▶ [Task to carry out] The whole listing is to be given again without alteration, except that its pictures are dropped.

▶ [Data records]
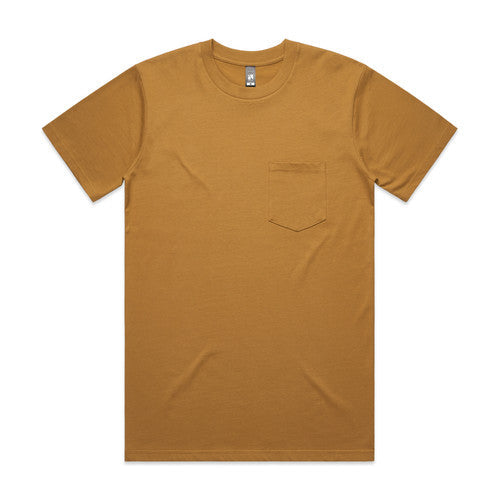 Mustard yellow t-shirt with pocket and crew neck, likely made of cotton.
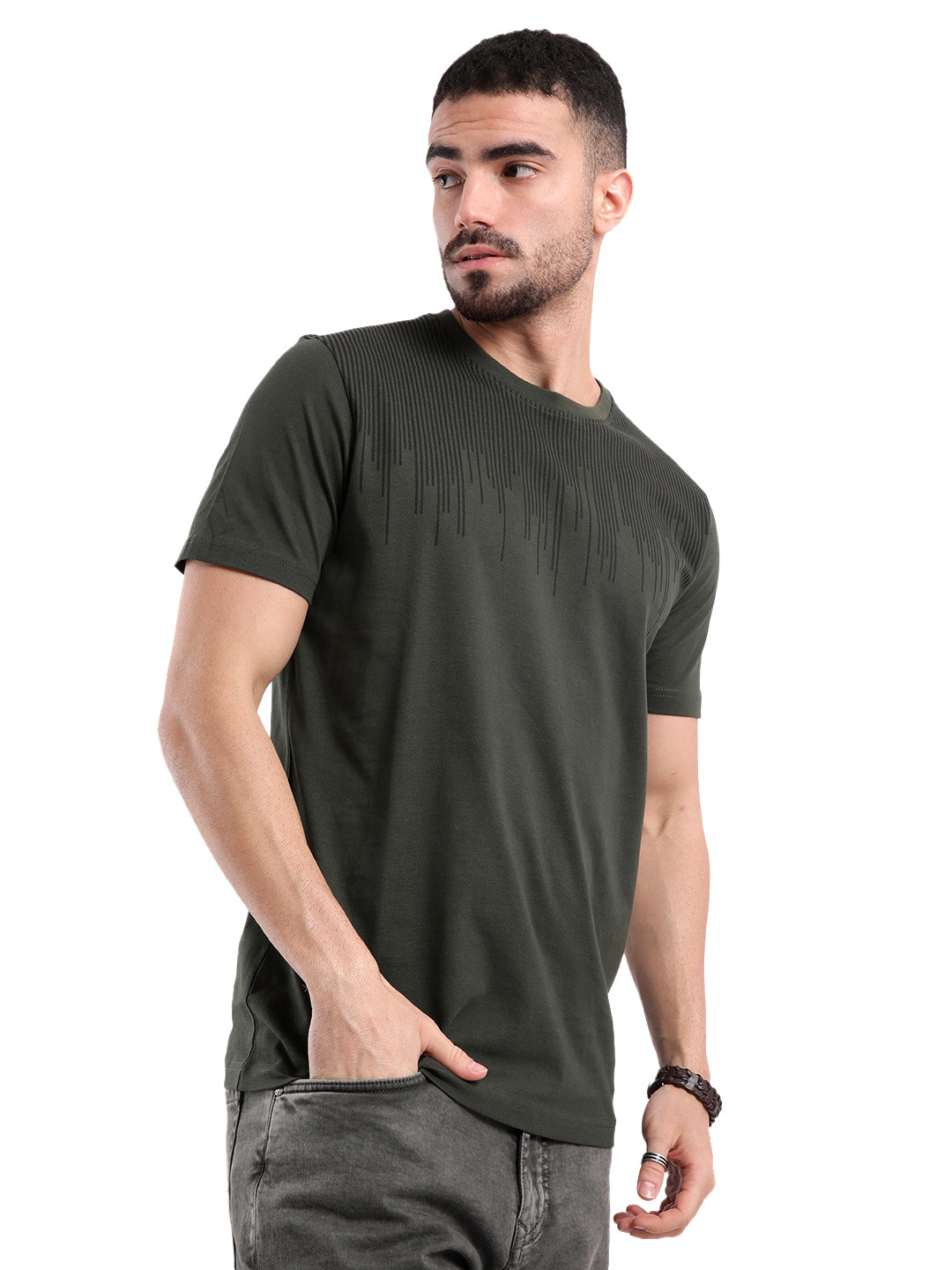 Classic Dark Green Chest Printed T-Shirt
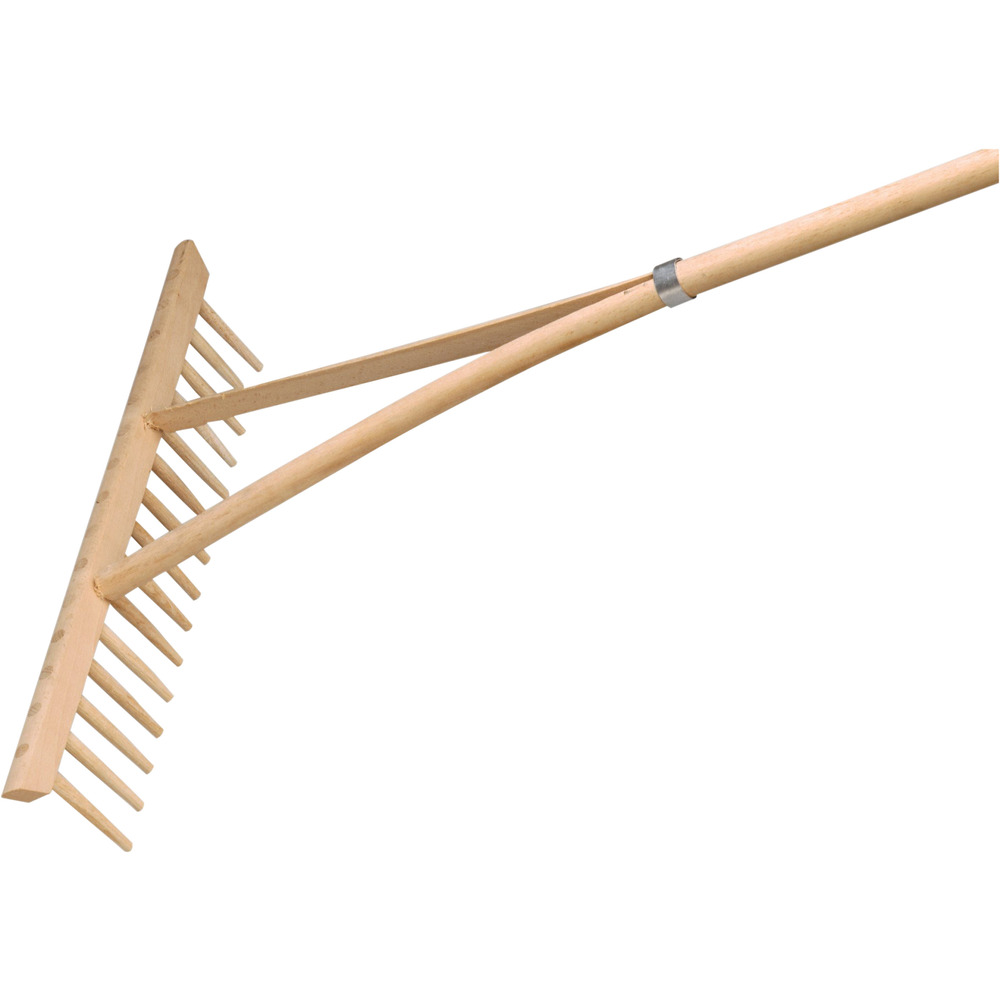 Heurechen aus Buchenholz 160 cm mit 16 Zähnen und zweigeteiltem Stiel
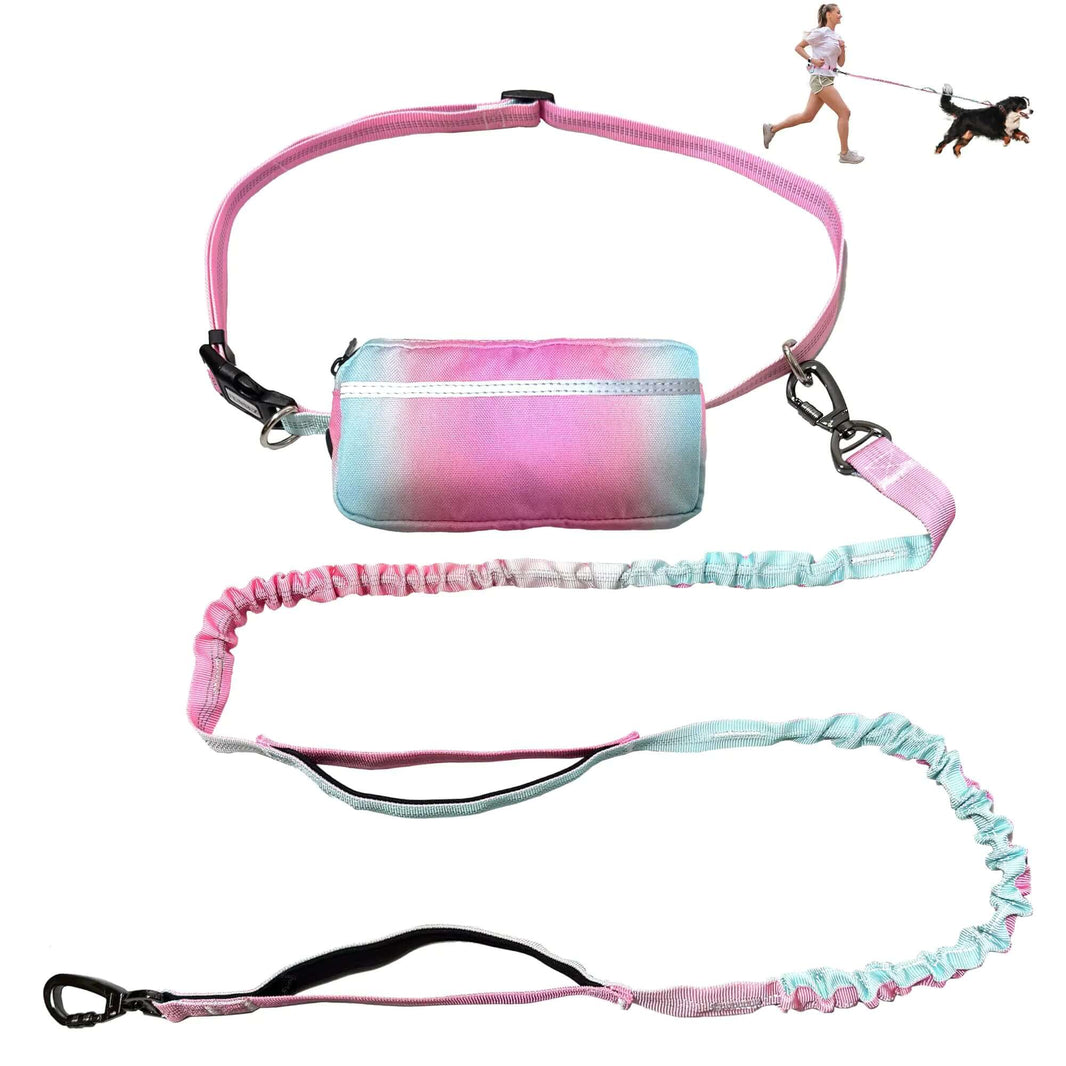 Hands-Free Dog Leash with Waist Bag – Pastel Color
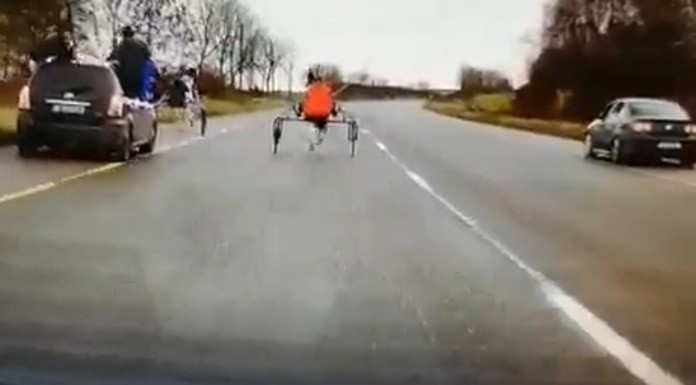 A screenshot of the video capturing a sulky race on the N8
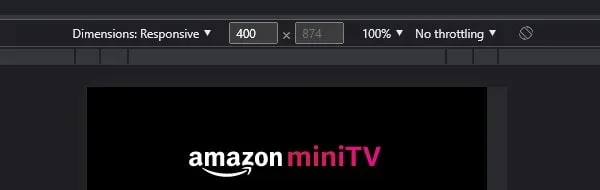 Select Responsive Dimension for Amazon miniTV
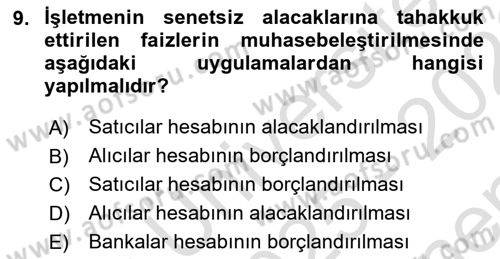Genel Muhasebe 1 Dersi 2025 - 2026 Yılı (Final) Dönem Sonu Sınav Soruları 9. Soru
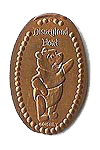 DR0007 RETIRED DISNEYLAND HOTEL Winnie the Pooh pressed penny image. 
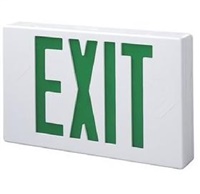 Sure Lites APX6G Thermoplastic LED Exit and Emergency Light, AC Only, No Battery, Green Letters, White Housing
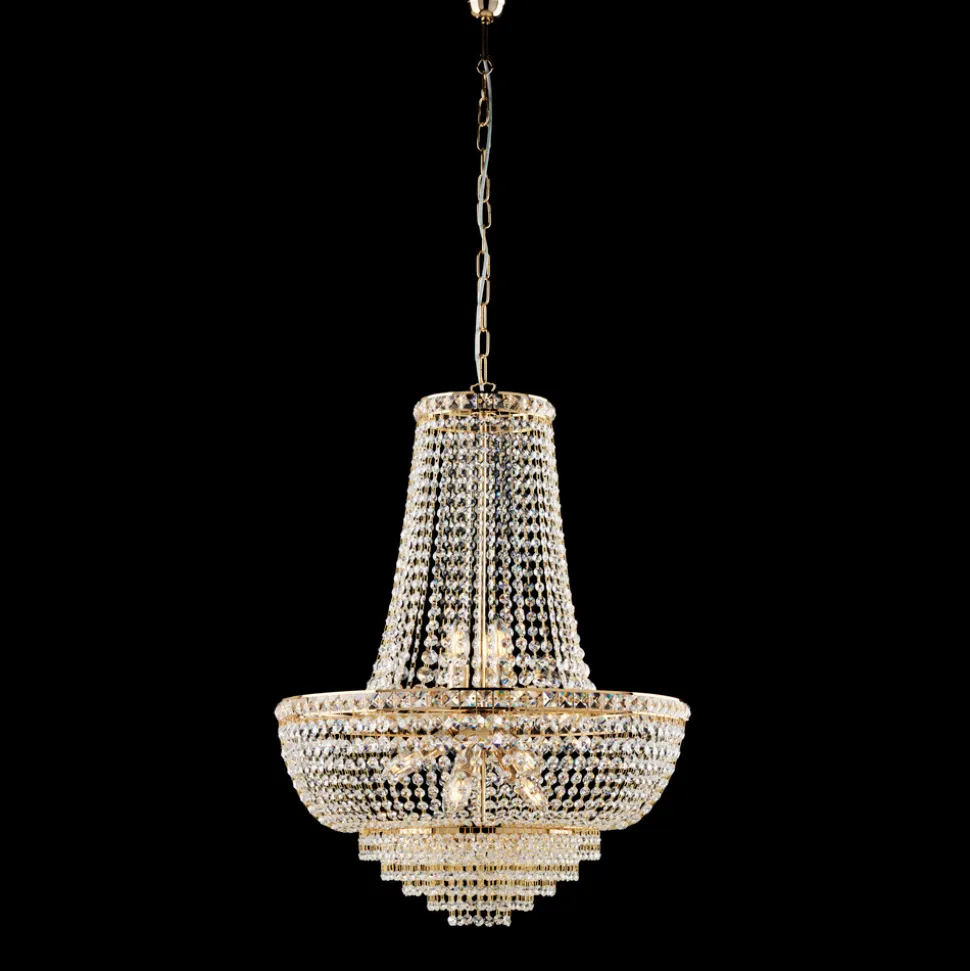 Lampadario in Ferro Dorato con Strass Made in Italy - Baviera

▶ [Exercise output]
 Mustard yellow t-shirt with pocket and crew neck, likely made of cotton.
 Classic Dark Green Chest Printed T-Shirt
 Heurechen aus Buchenholz 160 cm mit 16 Zähnen und zweigeteiltem Stiel
 Hands-Free Dog Leash with Waist Bag – Pastel Color
 A screenshot of the video capturing a sulky race on the N8
 Select Responsive Dimension for Amazon miniTV
Genel Muhasebe 1 Dersi 2025 - 2026 Yılı (Final) Dönem Sonu Sınav Soruları 9. Soru
 DR0007 RETIRED DISNEYLAND HOTEL Winnie the Pooh pressed penny image. 
 Sure Lites APX6G Thermoplastic LED Exit and Emergency Light, AC Only, No Battery, Green Letters, White Housing
 Lampadario in Ferro Dorato con Strass Made in Italy - Baviera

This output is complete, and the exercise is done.